Daulatpur–Saturia tornado
- Damage from the tornado

Meteorological history
- Formed: 12:30 UTC on 26 April 1989

F4 tornado
- on the Fujita scale
- Highest winds: 338 to 418 km/h (210 to 260 mph)

Overall effects
- Fatalities: 1,300
- Injuries: 12,000
- Areas affected: Manikganj, Dhaka, Bangladesh
- Part of the tornado outbreaks of 1989

= Daulatpur–Saturia tornado =

1989 tornado in Bangladesh

The Daulatpur–Saturia tornado was a violent tornado that occurred in Manikganj District, Bangladesh on April 26, 1989. While it was destructive and extremely deadly, there is great uncertainty about the death toll. Official estimates from the World Meteorological Organization indicate that it killed approximately 1,300 people, which would make it the deadliest tornado in history. The tornado affected the cities of Daulatpur and Saturia the most, moving east through Daulatpur and eventually northeast into Saturia. Previously, the area that the tornado hit had been in a state of drought for six months.

==Background==
The Ganges Basin, comprising the entirety of Bangladesh, is frequented by severe weather. Storms that are capable of producing tornadoes in this region are most common during the pre- and post-monsoon months. An average of six tornadoes occur annually in Bangladesh, with peak activity in April. The pre-monsoon months (March to May) display the most favorable conditions for severe weather. During this time, convective available potential energy—an indicator of atmospheric instability whereby higher values denote a greater likelihood of thunderstorms—and wind shear are conducive to the development of rotating thunderstorms. Instability is greatest over West Bengal, India, and adjacent areas of Bangladesh. Storms frequently develop in this region and travel southeast across the country. These storms are locally referred to as norwesters or Kalbaisakhi.

==Event and aftermath==
On 25 April 1989, a 1000 hPa area of low pressure propagated over Bihar and West Bengal, India, with a trough extending east across Bangladesh and into Manipur, India. The system remained largely stationary throughout the day through 26 April. On that day, another low approached from Madhya Pradesh, and in conjunction with a ridge over China, the pressure gradient became tighter across Bangladesh. Warm, moist air flowed northeast from the Bay of Bengal while cool, dry air flowed south from the Himalayas. In the upper-levels of the atmosphere above the low, strong westerly winds from the jet stream created ample wind shear, a key factor in the development of supercell thunderstorms capable of producing tornadoes. The jet stream became particularly intense on 26 April, with a sounding from Dhaka observing 240 km/h winds at a height of 10.6 km. An established dry line over western Bangladesh served as a focal point for thunderstorm development. By 12:00 UTC, all the aforementioned factors served to produce severe thunderstorms across the country.

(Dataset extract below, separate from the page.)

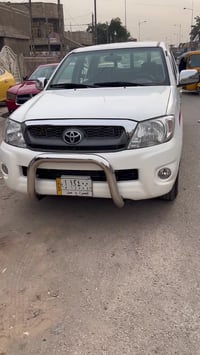 هايلوكس • ٢٠١١ • كير عادي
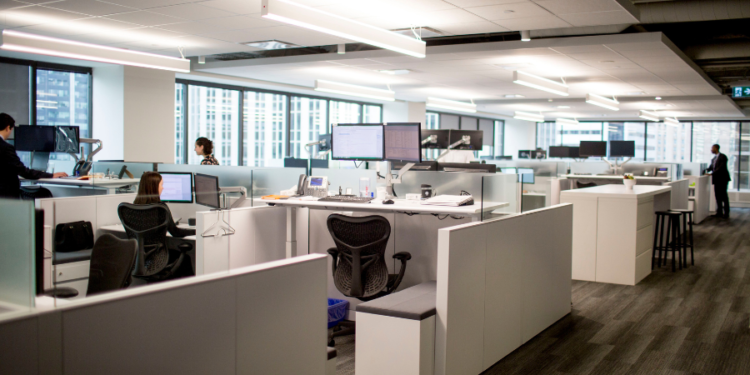 ഓഫീസ് ജോലി നിർബന്ധമാക്കി നോവ സ്കോഷ്യ സർക്കാർ; കടുത്ത പ്രതിഷേധവുമായി ജീവനക്കാരുടെ സംഘടന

Around 12:30 UTC, a tornado touched down near Daulatpur in the Manikganj District and traveled east, soon striking Saturia. It caused tremendous damage across a 150 km2 area covering three upazilas, with Saturia being hardest-hit. Its path was about 80 km long. A World Meteorological Organization news letter noted the tornado as F3 on the Fujita Scale. However, the stated wind estimate of 338 to 418 km/h would rank it at F4 intensity.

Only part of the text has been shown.